La canción “Carta de abuelo”, de la argentina Georgina Hassan, se ofreció como “disparadora”, una invitación a escribir para provocar el encuentro entre todos :
“Cuando la tarde se vuelve violeta,
la nieta se pone a pensar:
¿será que mañana reciba su carta?,
el sueño me lo dirá”.
Una carta es un retazo de papel que sirve de sostén para las palabras que como hilos cruzados y enlazados forman el tejido. Es un tejido victorioso, que vence al tiempo y sus futilidades porque dura y perdura y actualiza el pasado haciéndolo presente a través de la palabra escrita. Así que la clase de estos adultos -nuestros estudiantes- se convirtió en un remolino de historias de abuelos y abuelas, de niños y niñas de otras épocas, un mundo sin pantallas, en muchos casos rural, en la mayoría atravesado por las privaciones y la escasez de formación escolar. Un mundo en el que se concebía a los niños como adultos chiquitos -recordamos pocas veces que el concepto de niño y niña, y sobre todo el de sujeto de derechos, es muy actual- a los que se mandaba tempranamente a trabajar.
En ese mundo tan distinto, los calentadores funcionaban con alcohol azul, se lavaba en piletas de cemento con ranuras o sobre tablas y se cocinaba en Primus, aquellos contenedores circulares que servían de base para una rejilla que a modo de hornalla se utilizaba para apoyar las ollas. Se usaban unas planchas muy pesadas de hierro que contenían brasas para calentar el material y alejar las arrugas y se almidonaba la ropa, sobre todo las túnicas blancas para ir a la escuela.
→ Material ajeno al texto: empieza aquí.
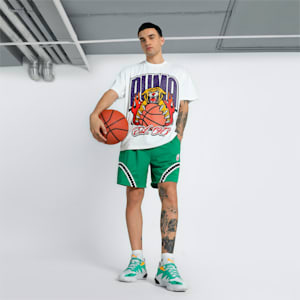 Crowd Craze Men's Oversized Fit Basketball Tee, PUMA White, extralarge-IND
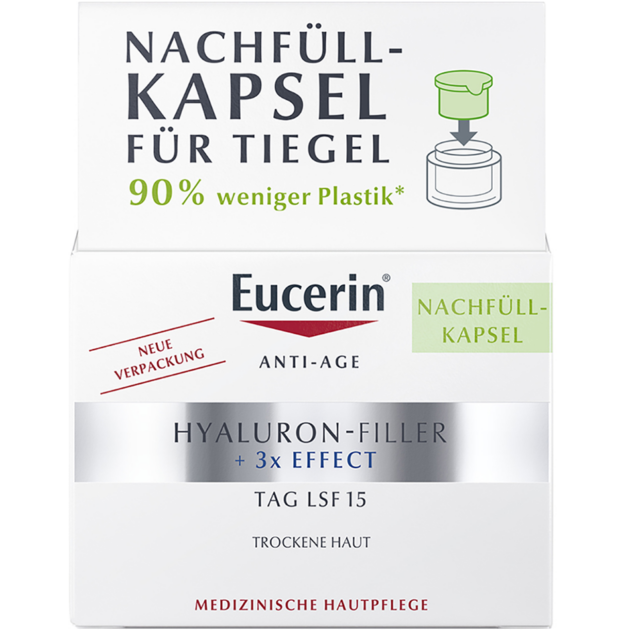Eucerin Hyaluron-Filler Ráncfeltöltő nappali arckrém öko-utántöltő 50ml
Las radios eran a batería y el agua un bien preciado que muchas veces, sobre todo en el medio rural, había que salir a conseguir.
María de los Ángeles, la profe de inglés me dice: “Nuestra nostalgia está impregnada de los recuerdos de los mayores, recuerdos que nos sirven para aprender, comprender y valorar nuestro presente”. Es una suerte de interacción intergeneracional, tan necesaria para el desarrollo de lo humano, en este mundo nuestro en el que el vértigo, el apuro, la urgencia, nos priva a veces de conversar con quienes son portadores de la historia.
El liceo 58 se llenó de los objetos de antaño, los estudiantes debieron buscar fotografías, indagar sobre los usos, dibujarlos, traducir a otras lenguas esas cartas entendiendo que no solo es difícil a veces encontrar la palabra exacta que pueda representar la misma idea, el mismo objeto, “incluso problematizar sobre si es posible decirlo de otra manera”, me dice la profe.
Educar, cualquiera sea la edad de nuestros estudiantes, es abrir procesos humanizantes, es trabajar con valores, es hacer memoria, rescatar la memoria de lo cotidiano valorando el pasado para comprender el presente, por eso siento que la carta es un instrumento poseedor de historias, despertador de afectos, generador de encuentros. “Carta de abuelo, sobre sepia,
letra infantil que se despereza”, dice Georgina Hassan, y yo creo que es una gran verdad, que hay que conectarse para desterrar la pereza de un encuentro intergeneracional que es tan necesario.